As crianças vão e voltam numa velocidade que as duas não conseguem acompanhar. "Já encheram mais de dez baldes na nossa frente. Tem gente aqui que tem dinheiro para comprar água boa para beber. A gente bebe dessa mesmo. Tem muito cloro, mas não tem problema", diz Judite.

Na engrenagem eleitoral, água é voto.

Em Jataúba, também no agreste, vereadores que apoiam candidatos para deputados estaduais e federais mandam áudios por grupos de WhatsApp dizendo onde devem ser realizados os abastecimentos do dia.

É a indústria da seca em tempos de rede social. "Quem financia o abastecimento aqui é um empresário. São 20 caminhões por dia. Ele está apoiando uma deputada. A gente organiza tudo pelo grupo para colocar água para o povo. Não distribuímos santinhos não", conta um dos organizadores do grupo.

Em Pernambuco, a zona urbana de 45 cidades ainda depende exclusivamente de caminhões-pipa da Compesa. O governo gasta R$ 8,5 milhões por ano. A zona rural de 121 municípios é abastecida pelo Exército.

José Leite, 68, mora num sítio em Jataúba. "A água que colocam aqui é tão salgada que até os bichos fazem careta para beber. Eu tenho que separar um dinheirinho para comprar para mim", diz.

Perto de lá, os esqueletos de gado e de cavalos estão espalhados em vários pontos. Não há mais pasto para os bichos. O que mais tem é pedra e cabra.

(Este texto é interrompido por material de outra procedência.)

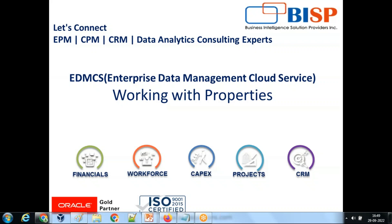Hello friends and once again welcome to BSP Solutions dot com. My name is Amit and today we are going to talk about an interesting scenario from Oracle EDMCS - that's Enterprise Data Management Cloud Service - specifically about derived properties.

Em Santa Cruz do Capibaribe, limite com Jataúba, há localidades que dependem de caminhões-pipas há mais de quatro anos.

"Estou levando água nesse jumentinho para a minha esposa", conta Inácio José da Silva, 63 anos, que mora numa comunidade conhecida como Prado.

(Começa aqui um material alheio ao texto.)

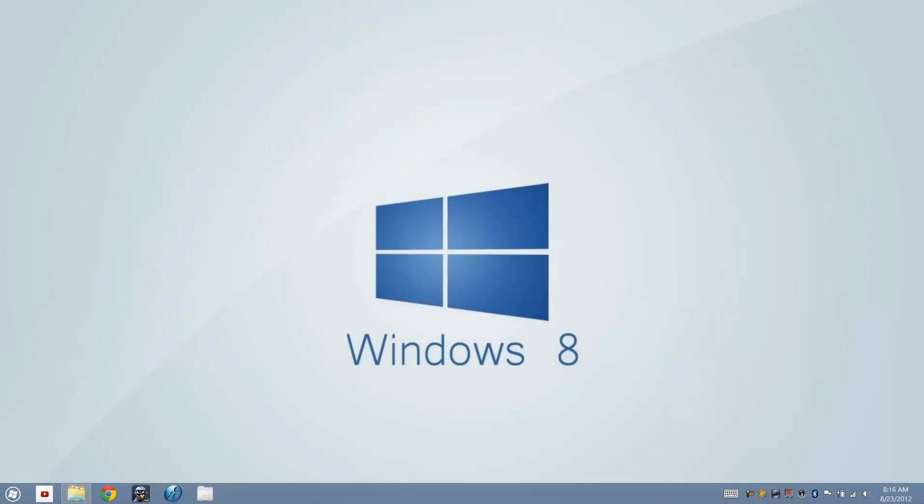Hi guys, welcome to another Windows tutorial. This tutorial is going to be based on a theme tweak on your Windows 8 Professional or Enterprise.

Ele resolveu desafiar a seca. Plantou milho e feijão. A chuva não veio. "Perdi foi tudo. A gente tenta de novo. Um dia a água vem."

A adutora do agreste, no valor total de 1,24 bilhão, que iria se interligar com o ramal leste da transposição do São Francisco para abastecer a região, deveria ter ficado pronta em dezembro de 2015.

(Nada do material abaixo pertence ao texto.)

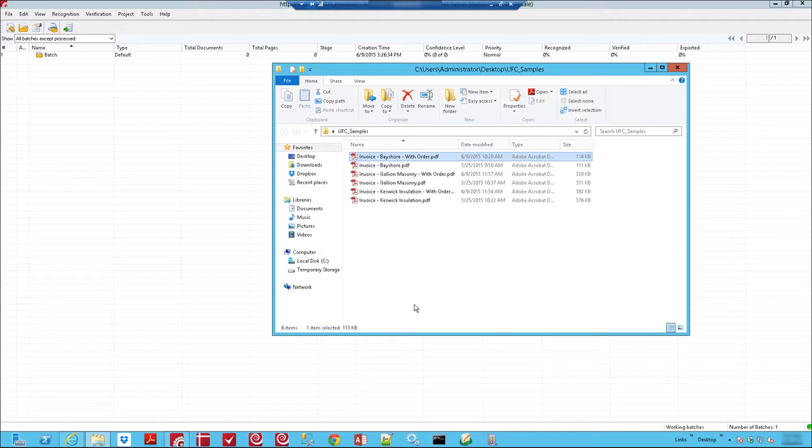Hello, today I'm going to show you how two-way matching is done within ABBYY FlexiCapture. This is a very neat process because it allows us as invoice processors to understand what's included on our invoice and compare that against the purchase order that was presented for that invoice to the vendor.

As obras não avançaram. O governador de Pernambuco, Paulo Câmara (PSB), diz que o estado sofre retaliação política. Em ofício ao presidente Michel Temer, Câmara afirmou que o governo federal só repassou 64% do valor acordado.

"Infelizmente, neste ano de 2018, nenhum repasse foi realizado ainda, em que pese constar no orçamento federal o valor de R$ 218 milhões para dar continuidade ao andamento da obra."

Procurado, o Ministério da Integração Nacional informou que, em dezembro de 2017, repassou mais de R$ 126,3 milhões para a obra. A pasta ressaltou que o recurso federal tem sido suficiente para a execução do empreendimento hídrico.